Washington Florist’s Religious Liberty Case Not Over Yet, Lawyers Contend

Two similar cases in Colorado are also being appealed to the high court

Washington Florist’s Religious Liberty Case Not Over Yet, Lawyers Contend

Two similar cases in Colorado are also being appealed to the high court

Despite the U.S. Supreme Court’s refusal to hear an appeal last month from Washington florist Barronelle Stutzman, who could lose her business and personal assets for refusing to create flower arrangements for a same-sex wedding, the devout Christian’s legal recourse still might not be over.

Alliance Defending Freedom (ADF), the law firm representing Stutzman, is hopeful that the high court will reconsider the floral artist’s case when they consider another appeal ADF has filed on behalf of a Christian website designer who, under Colorado law, is being forced to publish content that celebrates same-sex weddings in violation of her religious convictions.

The U.S. 10th Circuit Court of Appeals ruled 2-1 July 26 that the state of Colorado can compel Lorie Smith to create websites for same-sex weddings despite it conflicting with the tenets of her faith.

In 2016, Smith, owner of 303 Creative, filed a pre-enforcement legal challenge to the Colorado Anti-Discrimination Act, which allowed her to challenge the law before the government enforced it against her. Smith argued that the law compels her to provide services that go against her Biblical beliefs and is therefore unconstitutional. The law also prohibits her from stating her beliefs about marriage on her business website.

In September 2017, a district court ruled that Smith couldn’t challenge the accommodation clause of the law, meaning, if she were to offer services for traditional weddings, she must offer those same services for same-sex weddings. But the court held off on ruling about the law’s communication clause—or what Smith could share on her website about her religious beliefs—until after Jack Phillips’ case was decided by the Supreme Court. 

A subsequent ruling upheld the court’s decision, saying that it “assumes the constitutionality” of the Colorado law.

In the July 26 ruling, Circuit Judge Mary Beck Briscoe, who wrote for the majority, said that “Colorado may prohibit speech that promotes unlawful activity, including unlawful discrimination,” and that the law “permissibly compels [Smith’s] speech.”

ADF attorneys say that since Smith and Stutzman are both being forced by their states’ non-discrimination laws to create custom art that communicates messages that violate their consciences, they have asked the Supreme Court to reconsider its denial of Stutzman’s case and grant the petition or hold it until Smith’s case is decided.

Stutzman, owner of Arlene’s Flowers in Richland, Washington, has been mired in a battle for her livelihood for eight years as her home state has brought the full force of Washington’s antidiscrimination law against her.

The wife, mother, grandmother and floral artist has been fighting legal battles against the American Civil Liberties Union (ALCU) and the State of Washington for her freedom to create custom floral art without violating her conscience.

In 2017, the Washington Supreme Court ruled against Stutzman.

Later that year, Stutzman appealed to the U.S. Supreme Court.

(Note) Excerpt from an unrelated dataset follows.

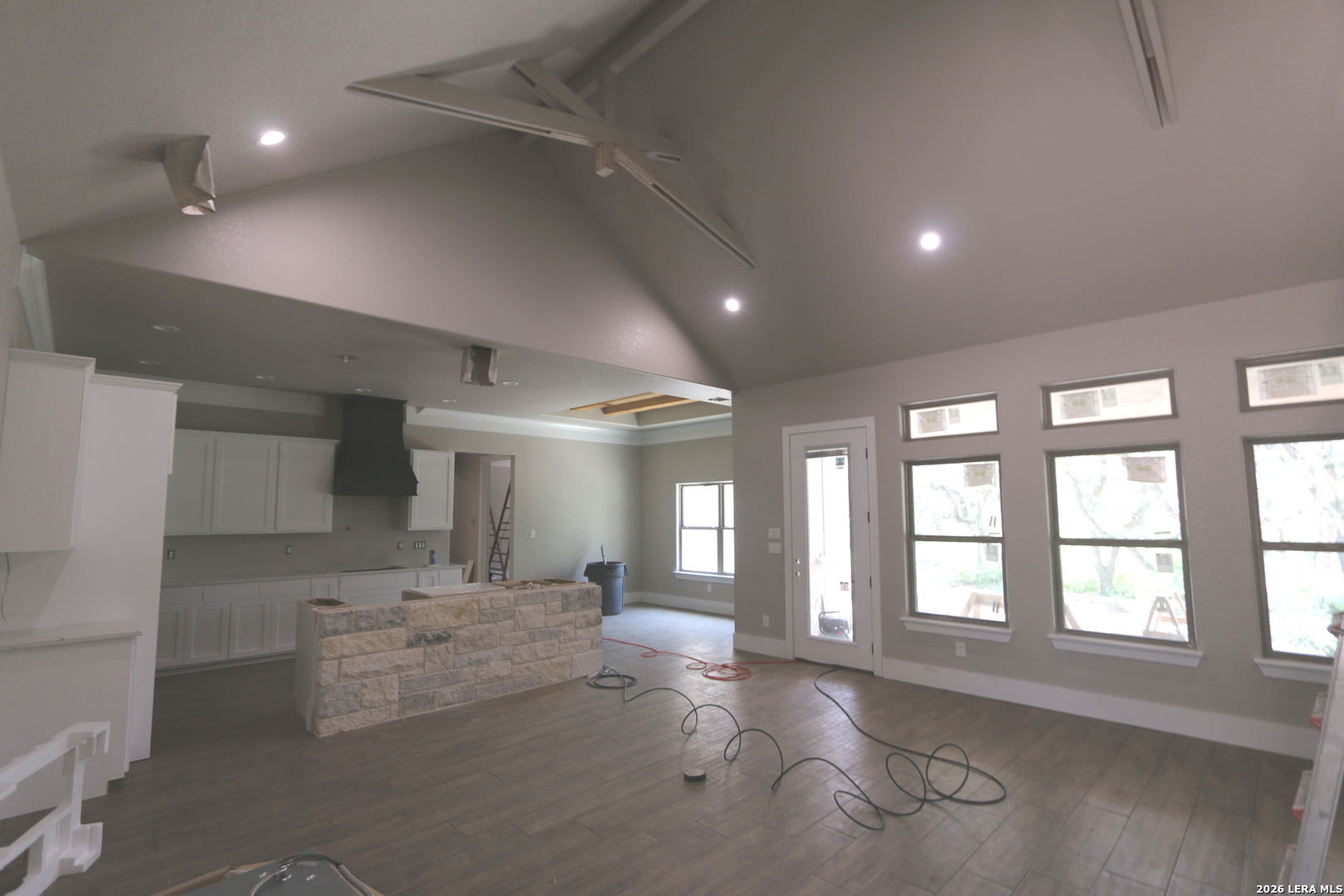 1118 Humming Bird Lane Adkins TX 78101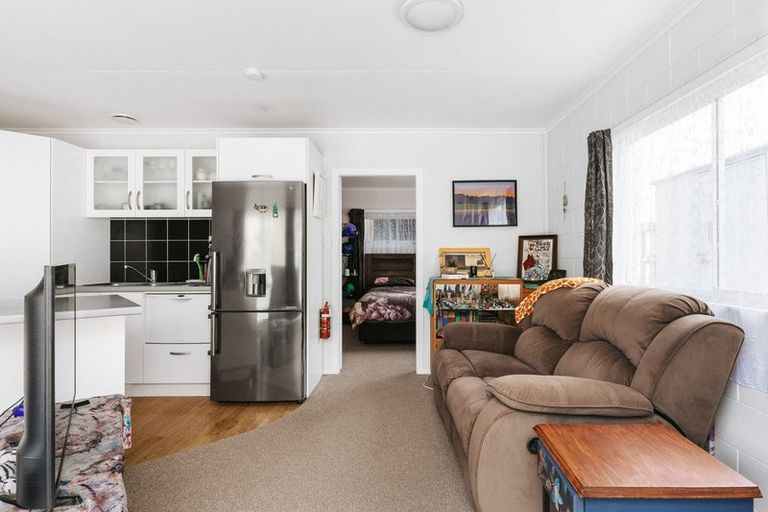 Photo of property in 1 Kowai Grove, Omokoroa, 3114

It then sent her case back to the Washington Supreme Court in June 2018 after the decision in the Masterpiece Cakeshop case.

The high court’s 7-2 opinion from that case found that the Colorado Civil Rights Commission unconstitutionally demonstrated “religious hostility” in its action toward Phillips, the justices said, for his refusal to design and decorate a cake for the wedding of two men. 

Phillips is currently appealing another court ruling that he violated the Colorado anti-discrimination law by refusing to bake a cake celebrating a gender transition.

In a notice filed Monday (Aug. 2), Phillips’ ADF lawyers asked the Colorado Court of Appeals to review a June ruling by Denver Judge A. Bruce Jones that said Phillips’ refusal to bake a cake that was blue on the outside and pink on the inside for Autumn Scardina violated Scardina’s rights. Scardina is a biological man who ostensibly ordered the cake in order to celebrate his gender transition. Scardina is also an attorney and a gay-rights activist, Phillips’ attorneys say.

“No one should be forced to express a message that violates their beliefs and conscience,” said Jake Warner, legal counsel for Alliance Defending Freedom (ADF), in a press release. “Activists and government officials are targeting artists like Jack because they can’t promote messages on marriage and gender that violate their core beliefs. In this case, an activist attorney demanded that Jack Phillips create custom cakes in order to test Jack and to ‘correct the errors’ of his thinking, and the attorney even threatened to sue Jack again if the case is dismissed for any reason. This case and others like it represent a disturbing trend: Activists are weaponizing the legal system to ruin those who simply disagree with them. Someone you disagree with might be the one targeted today, but when political winds shift, it could just as easily be you or anyone else tomorrow.”